# Statistics and Probability / Transforming Data

Activity 10 of 24
In this lesson, students investigate what happens to the summary measures for the distribution of a set of data when a constant is added to each data element or when each element is multiplied by a non-zero constant.

## Planning and Resources

Objectives
Students recognize how common data transformations affect measures of center and spread.

Vocabulary
transformation
distribution
mean
median
interquartile range (IQR)

Standard:

## Lesson Snapshot

#### Understanding

Adding (subtracting) a common value to each element of a data set will shift the center by that value, but will not change the measure of spread.

### What to look for

Transforming data is a fundamental process in data analysis through which unwieldy data can be transformed by shifting or scaling to assist in its analysis.

### Sample Assessment

One of the problems on a mathematics test was incorrectly stated. The teacher decided to add 3 bonus points to everyone's test score. If the mean grade on the test was originally 84 with a mean absolute deviation (MAD) of 10, what would the new mean and MAD be?

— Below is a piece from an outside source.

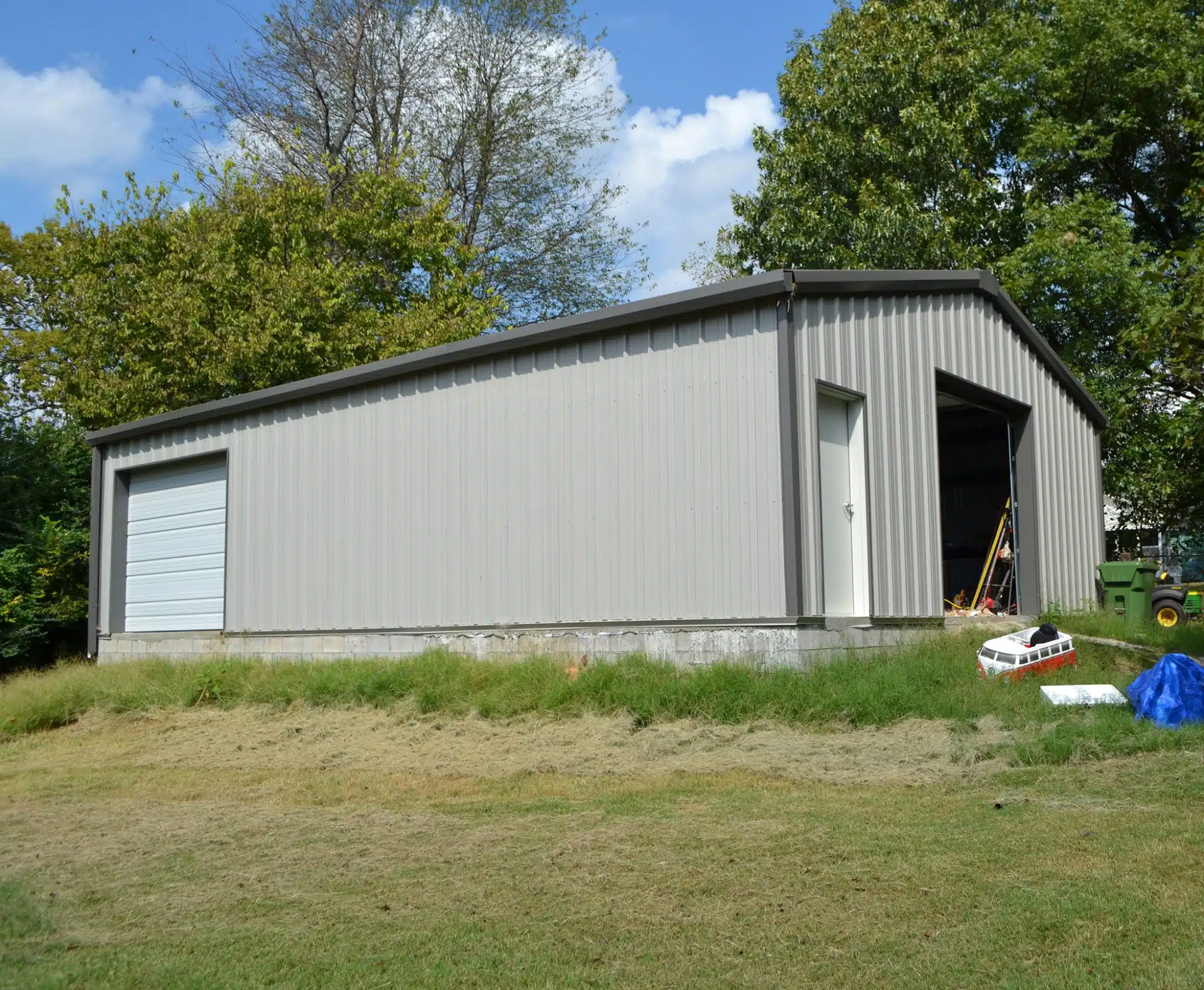 Centra Series Bolt-Up Building with R-Loc Panels, Gray Walls, Charcoal Roof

Answer: The mean would be 87 and the MAD would be 10.

#### The Big Idea

Students discover what changes occur in the measures of center and spread, when a data set is transformed by shifting or scaling.

### What are the students doing?

Students make conjectures about what will happen to a distribution when certain transformations are applied.

### What is the teacher doing?

Remind students to think about the mean as the balance point of a distribution.